Похоже, что, сходя мало-помалу с переводческой стези, Тарковский решительно пересмотрел основы ремесла, которым усердно дотоле занимался. Ведь еще в июне 1967-го он собственноручно написал: “Стихотворный перевод не может быть (по условиям задачи) буквальным. Как бы мы ни желали достичь абсолютной верности подлиннику — это невозможно из-за разности языков, их мелодики, ритмики, звукописи, различия образного наполнения тождественных понятий, различия исторического и социального опыта авторов оригинала и перевода и проч.”. Я не рискну гадать, из-за чего пожилой поэт едва ли не вдруг отказался от устоявшейся своей теории. (В скобках оговорю: но не практики!)

Даже перевод стихов, объявил он, в большей мере собственность автора, нежели переводчика. Так случается далеко не всегда. Но разобранные выше тексты не дают повода колебаться: в чем в чем, а в этом пункте конечный результат от заявки не отличается.

 

1 Сошлюсь на свою статью “Что нашептала муза. Туманян в интерпретации Б.Ахмадулиной” — “Дружба народов”, 2004, № 12.

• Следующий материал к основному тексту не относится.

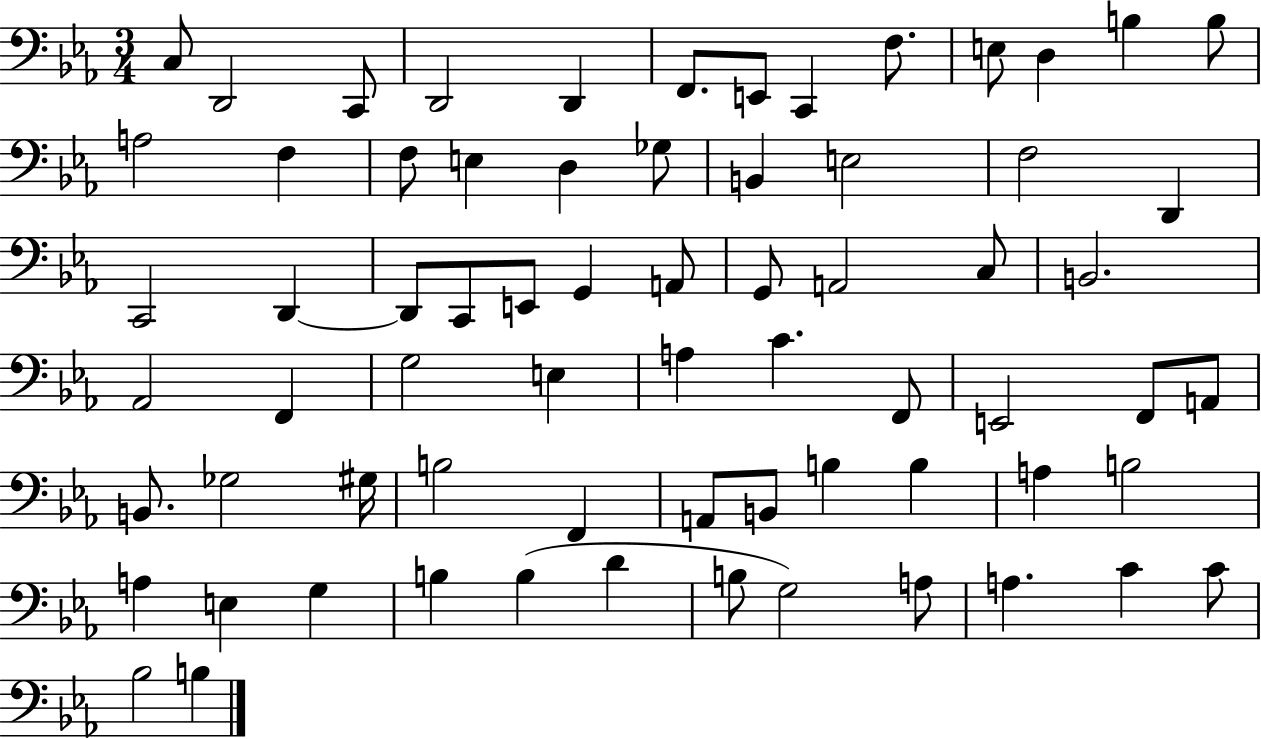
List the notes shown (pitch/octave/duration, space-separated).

C3/e D2/h C2/e D2/h D2/q F2/e. E2/e C2/q F3/e. E3/e D3/q B3/q B3/e A3/h F3/q F3/e E3/q D3/q Gb3/e B2/q E3/h F3/h D2/q C2/h D2/q D2/e C2/e E2/e G2/q A2/e G2/e A2/h C3/e B2/h. Ab2/h F2/q G3/h E3/q A3/q C4/q. F2/e E2/h F2/e A2/e B2/e. Gb3/h G#3/s B3/h F2/q A2/e B2/e B3/q B3/q A3/q B3/h A3/q E3/q G3/q B3/q B3/q D4/q B3/e G3/h A3/e A3/q. C4/q C4/e Bb3/h B3/q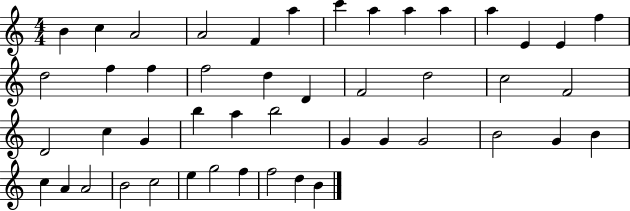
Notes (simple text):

B4/q C5/q A4/h A4/h F4/q A5/q C6/q A5/q A5/q A5/q A5/q E4/q E4/q F5/q D5/h F5/q F5/q F5/h D5/q D4/q F4/h D5/h C5/h F4/h D4/h C5/q G4/q B5/q A5/q B5/h G4/q G4/q G4/h B4/h G4/q B4/q C5/q A4/q A4/h B4/h C5/h E5/q G5/h F5/q F5/h D5/q B4/q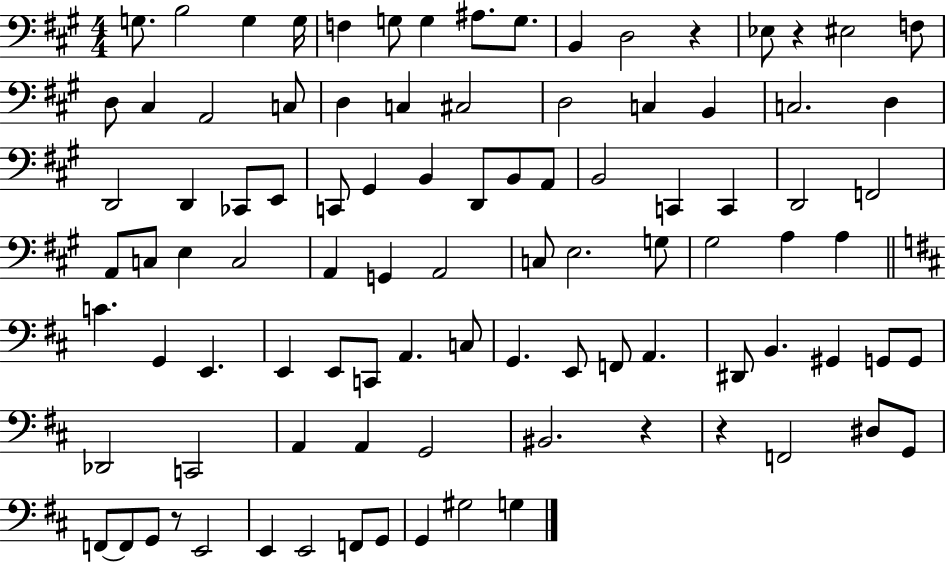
X:1
T:Untitled
M:4/4
L:1/4
K:A
G,/2 B,2 G, G,/4 F, G,/2 G, ^A,/2 G,/2 B,, D,2 z _E,/2 z ^E,2 F,/2 D,/2 ^C, A,,2 C,/2 D, C, ^C,2 D,2 C, B,, C,2 D, D,,2 D,, _C,,/2 E,,/2 C,,/2 ^G,, B,, D,,/2 B,,/2 A,,/2 B,,2 C,, C,, D,,2 F,,2 A,,/2 C,/2 E, C,2 A,, G,, A,,2 C,/2 E,2 G,/2 ^G,2 A, A, C G,, E,, E,, E,,/2 C,,/2 A,, C,/2 G,, E,,/2 F,,/2 A,, ^D,,/2 B,, ^G,, G,,/2 G,,/2 _D,,2 C,,2 A,, A,, G,,2 ^B,,2 z z F,,2 ^D,/2 G,,/2 F,,/2 F,,/2 G,,/2 z/2 E,,2 E,, E,,2 F,,/2 G,,/2 G,, ^G,2 G,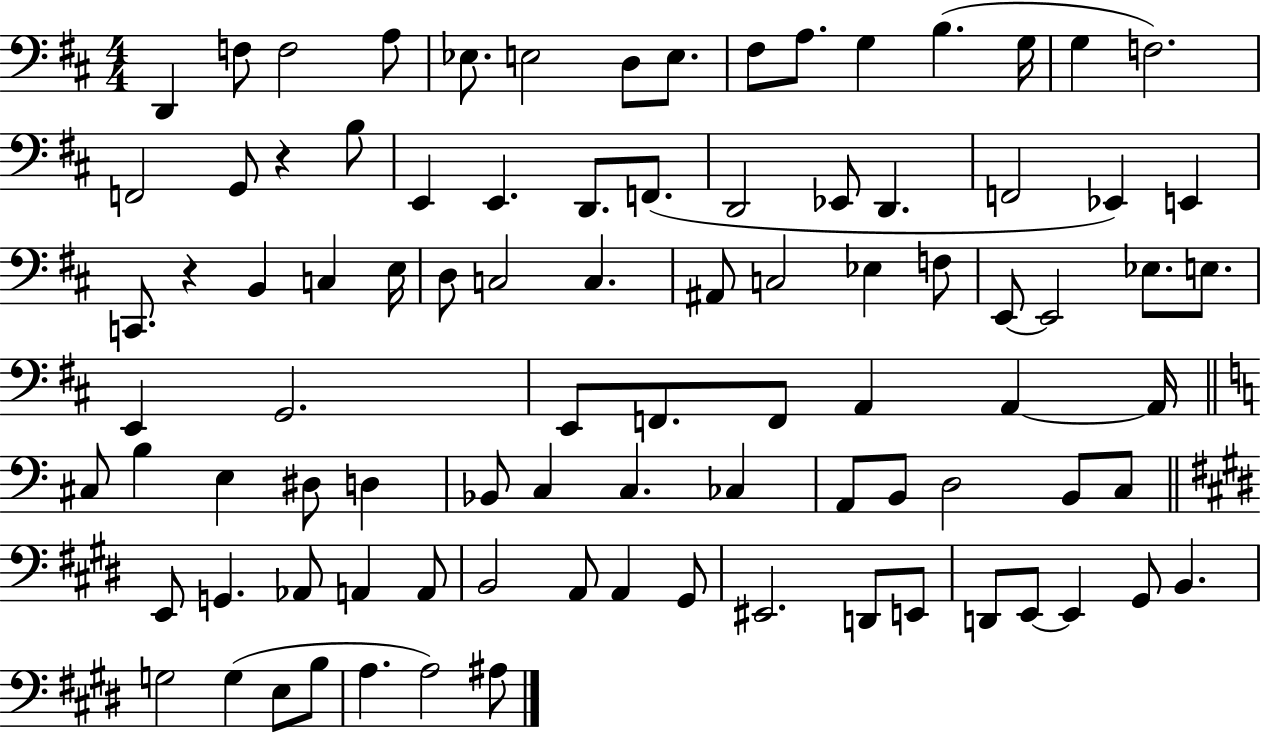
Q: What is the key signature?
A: D major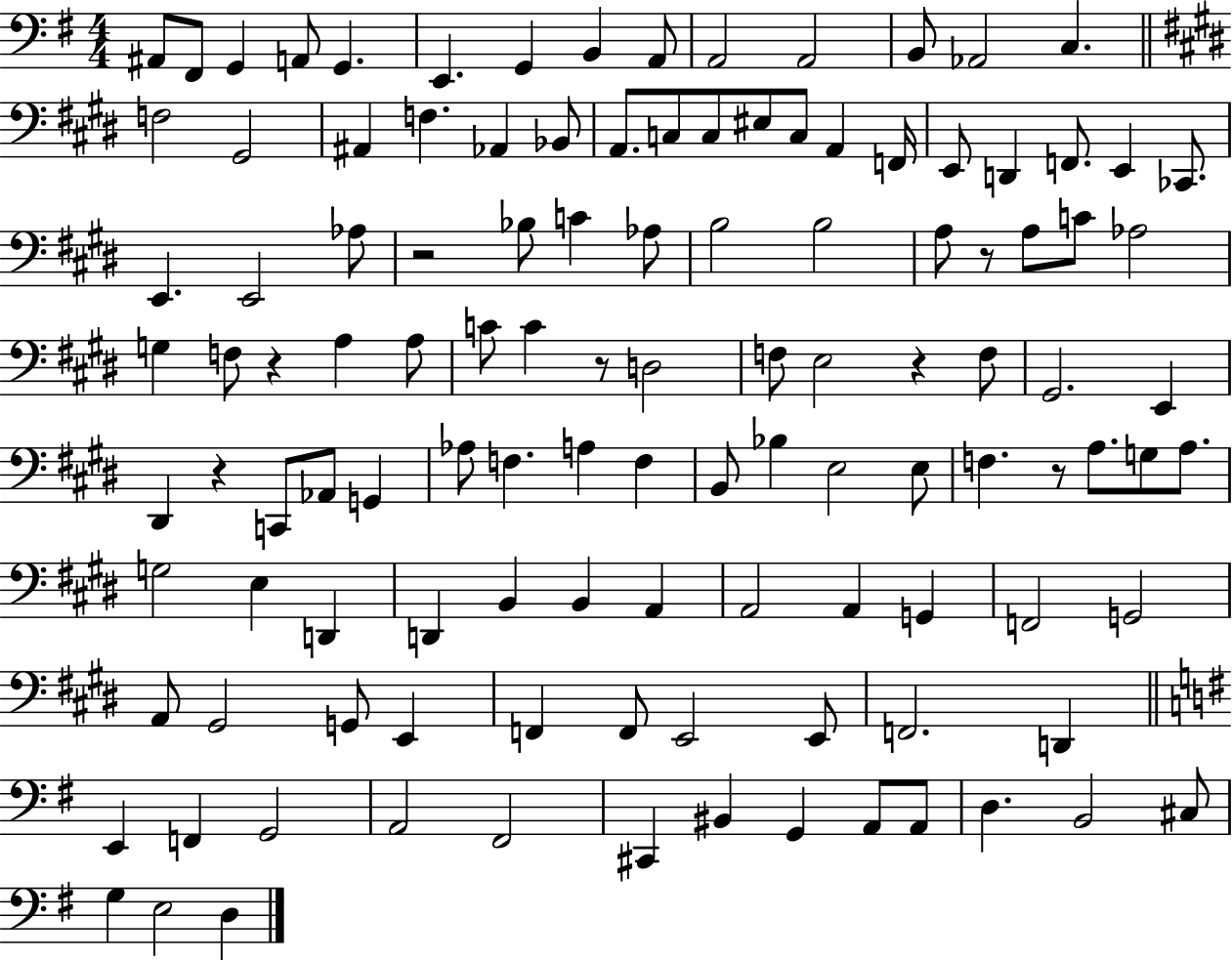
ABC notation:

X:1
T:Untitled
M:4/4
L:1/4
K:G
^A,,/2 ^F,,/2 G,, A,,/2 G,, E,, G,, B,, A,,/2 A,,2 A,,2 B,,/2 _A,,2 C, F,2 ^G,,2 ^A,, F, _A,, _B,,/2 A,,/2 C,/2 C,/2 ^E,/2 C,/2 A,, F,,/4 E,,/2 D,, F,,/2 E,, _C,,/2 E,, E,,2 _A,/2 z2 _B,/2 C _A,/2 B,2 B,2 A,/2 z/2 A,/2 C/2 _A,2 G, F,/2 z A, A,/2 C/2 C z/2 D,2 F,/2 E,2 z F,/2 ^G,,2 E,, ^D,, z C,,/2 _A,,/2 G,, _A,/2 F, A, F, B,,/2 _B, E,2 E,/2 F, z/2 A,/2 G,/2 A,/2 G,2 E, D,, D,, B,, B,, A,, A,,2 A,, G,, F,,2 G,,2 A,,/2 ^G,,2 G,,/2 E,, F,, F,,/2 E,,2 E,,/2 F,,2 D,, E,, F,, G,,2 A,,2 ^F,,2 ^C,, ^B,, G,, A,,/2 A,,/2 D, B,,2 ^C,/2 G, E,2 D,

2 Переводя в 1967 году Чаренца, Тарковский писал в издательство: “Очень прошу Вас оказать благотворное влияние на авторов подстрочников, чтобы схемы (рифмовки. — Г.К.) были вписаны поскорей”. А вот еще: “Я <…> нашел у себя подстрочники его (Амо Сагияна. — Г.К.) стихов, но нужны транскрипции (русскими буквами!) всех стихов или хотя бы тех мест, где есть звуки, связанные с выразительностью”. (Цитаты взяты из послесловия Л.Мкртчяна к книге: Егише Чаренц. Стихотворения в переводе Арсения Тарковского. Ереван: “Наири”, 1997, с. 98, 110).